Tom Thumb's House at Gonerby, Lincolnshire.—On the south-west side of the tower of the church of Great Gonerby, Lincolnshire, is a curious cornice representing a house with a door in the centre, an oriel window, &c., which is popularly called "Tom Thumb's Castle." I have a small engraving of it ("W.T. del. 1820, R.R. sculpt."): and a pencil states that on the same tower are other "curious carvings."

I would ask, therefore, Why carved? From what event or occasion? For whom? Why called "Tom Thumb's House?" And what are the other curious carvings?

G. Creed.

Mr. Payne Collier's Monovolume Shakspeare.—I should be extremely obliged to Mr. Collier, if he would kindly give me a public reply to the following question.

The express terms of the publication of his monovolune edition of Shakspeare, as advertised, were—

"The text regulated by the old copies, and by the recently discovered folio of 1632."

These terms manifestly exclude corrections from any other source than those of collation of the old copies, and the MS. corrections of the folio of 1632.

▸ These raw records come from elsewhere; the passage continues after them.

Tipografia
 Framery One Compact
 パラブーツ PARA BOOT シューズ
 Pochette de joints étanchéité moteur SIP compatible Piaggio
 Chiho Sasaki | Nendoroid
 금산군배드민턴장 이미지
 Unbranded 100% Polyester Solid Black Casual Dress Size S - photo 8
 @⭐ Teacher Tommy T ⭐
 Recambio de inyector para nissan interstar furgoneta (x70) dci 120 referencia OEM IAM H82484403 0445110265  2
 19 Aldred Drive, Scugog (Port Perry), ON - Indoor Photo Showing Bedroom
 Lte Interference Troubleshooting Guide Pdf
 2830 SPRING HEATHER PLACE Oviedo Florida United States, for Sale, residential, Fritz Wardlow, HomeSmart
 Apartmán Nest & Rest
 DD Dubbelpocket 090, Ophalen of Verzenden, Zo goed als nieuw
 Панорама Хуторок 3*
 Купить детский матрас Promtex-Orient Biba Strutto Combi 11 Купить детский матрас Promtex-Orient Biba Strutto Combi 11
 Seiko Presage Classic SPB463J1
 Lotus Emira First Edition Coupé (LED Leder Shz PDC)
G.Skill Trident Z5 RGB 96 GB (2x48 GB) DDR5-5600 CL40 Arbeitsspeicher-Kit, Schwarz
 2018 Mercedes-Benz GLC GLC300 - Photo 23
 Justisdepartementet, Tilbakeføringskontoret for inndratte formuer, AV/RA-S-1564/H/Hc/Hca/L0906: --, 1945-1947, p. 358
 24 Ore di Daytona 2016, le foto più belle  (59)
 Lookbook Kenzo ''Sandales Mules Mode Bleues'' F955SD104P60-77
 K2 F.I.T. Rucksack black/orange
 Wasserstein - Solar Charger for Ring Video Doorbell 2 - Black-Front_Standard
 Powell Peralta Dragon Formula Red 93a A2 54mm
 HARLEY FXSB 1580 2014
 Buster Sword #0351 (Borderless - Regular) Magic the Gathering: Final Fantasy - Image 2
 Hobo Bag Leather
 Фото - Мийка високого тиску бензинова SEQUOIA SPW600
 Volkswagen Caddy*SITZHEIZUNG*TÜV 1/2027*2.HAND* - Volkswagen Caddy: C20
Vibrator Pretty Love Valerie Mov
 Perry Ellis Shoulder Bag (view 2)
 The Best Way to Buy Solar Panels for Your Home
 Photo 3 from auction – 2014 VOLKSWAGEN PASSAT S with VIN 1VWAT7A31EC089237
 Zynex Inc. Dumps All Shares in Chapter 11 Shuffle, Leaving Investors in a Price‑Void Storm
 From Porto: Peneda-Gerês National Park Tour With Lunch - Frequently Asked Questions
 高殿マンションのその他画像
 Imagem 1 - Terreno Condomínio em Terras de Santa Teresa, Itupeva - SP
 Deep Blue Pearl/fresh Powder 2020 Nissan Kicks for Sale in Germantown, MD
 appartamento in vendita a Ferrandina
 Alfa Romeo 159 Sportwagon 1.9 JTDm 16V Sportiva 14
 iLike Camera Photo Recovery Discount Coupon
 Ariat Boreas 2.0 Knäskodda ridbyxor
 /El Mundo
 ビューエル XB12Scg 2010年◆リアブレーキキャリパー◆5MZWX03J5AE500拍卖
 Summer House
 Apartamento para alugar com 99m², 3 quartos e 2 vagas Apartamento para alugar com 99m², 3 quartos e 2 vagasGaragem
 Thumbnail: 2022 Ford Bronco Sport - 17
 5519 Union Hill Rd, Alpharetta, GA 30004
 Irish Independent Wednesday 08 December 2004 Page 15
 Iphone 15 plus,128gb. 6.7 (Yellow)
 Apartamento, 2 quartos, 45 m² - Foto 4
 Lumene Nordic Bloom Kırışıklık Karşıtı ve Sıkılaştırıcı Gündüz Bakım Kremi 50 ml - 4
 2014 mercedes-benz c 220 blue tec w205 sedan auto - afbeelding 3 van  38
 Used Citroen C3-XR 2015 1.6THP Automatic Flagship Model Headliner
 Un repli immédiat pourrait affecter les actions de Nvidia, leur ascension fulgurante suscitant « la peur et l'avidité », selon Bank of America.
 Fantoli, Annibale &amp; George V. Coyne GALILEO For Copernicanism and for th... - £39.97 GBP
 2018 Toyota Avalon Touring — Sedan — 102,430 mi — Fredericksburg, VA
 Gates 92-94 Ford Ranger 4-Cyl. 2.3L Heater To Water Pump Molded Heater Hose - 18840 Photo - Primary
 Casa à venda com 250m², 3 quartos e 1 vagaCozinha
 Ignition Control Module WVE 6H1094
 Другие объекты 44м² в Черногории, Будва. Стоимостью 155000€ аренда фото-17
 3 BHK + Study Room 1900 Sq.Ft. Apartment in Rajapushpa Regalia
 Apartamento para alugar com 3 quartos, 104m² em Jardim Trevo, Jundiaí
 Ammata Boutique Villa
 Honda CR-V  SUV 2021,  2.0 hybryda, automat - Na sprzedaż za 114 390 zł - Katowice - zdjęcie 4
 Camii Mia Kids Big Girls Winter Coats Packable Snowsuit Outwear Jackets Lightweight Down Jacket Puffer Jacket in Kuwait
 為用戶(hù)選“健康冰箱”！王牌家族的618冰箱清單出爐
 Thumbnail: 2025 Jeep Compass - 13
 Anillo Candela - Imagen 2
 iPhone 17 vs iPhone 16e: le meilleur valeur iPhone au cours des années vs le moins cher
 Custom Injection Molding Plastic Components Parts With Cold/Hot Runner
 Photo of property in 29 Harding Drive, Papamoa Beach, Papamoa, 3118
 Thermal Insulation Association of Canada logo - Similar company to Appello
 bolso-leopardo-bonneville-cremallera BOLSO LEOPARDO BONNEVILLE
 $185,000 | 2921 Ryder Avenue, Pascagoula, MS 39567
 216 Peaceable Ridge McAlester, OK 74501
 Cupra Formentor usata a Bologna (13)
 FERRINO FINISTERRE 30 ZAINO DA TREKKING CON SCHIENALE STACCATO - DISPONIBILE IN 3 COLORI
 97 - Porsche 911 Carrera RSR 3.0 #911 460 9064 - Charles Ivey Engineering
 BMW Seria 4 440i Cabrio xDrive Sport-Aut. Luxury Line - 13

Now the text of Mr. Collier's monovolume reprint contains many of the emendations of the commentators not referred to in Notes and Emendations. For example: in The Taming of the Shrew, where Biondello runs in to announce the coming down the hill of the "ancient angel" (changed by the corrector into ambler), two other alterations in the same sentence appear without explanation in the regulated text, namely, mercatante substituted by Steevens for "marcantant" of the folios; and surely in lieu of "surly," which latter is the word of the folio of 1632.

I now ask Mr. Collier, on what authority were these emendations adopted?

C. Mansfield Ingleby.

Birmingham.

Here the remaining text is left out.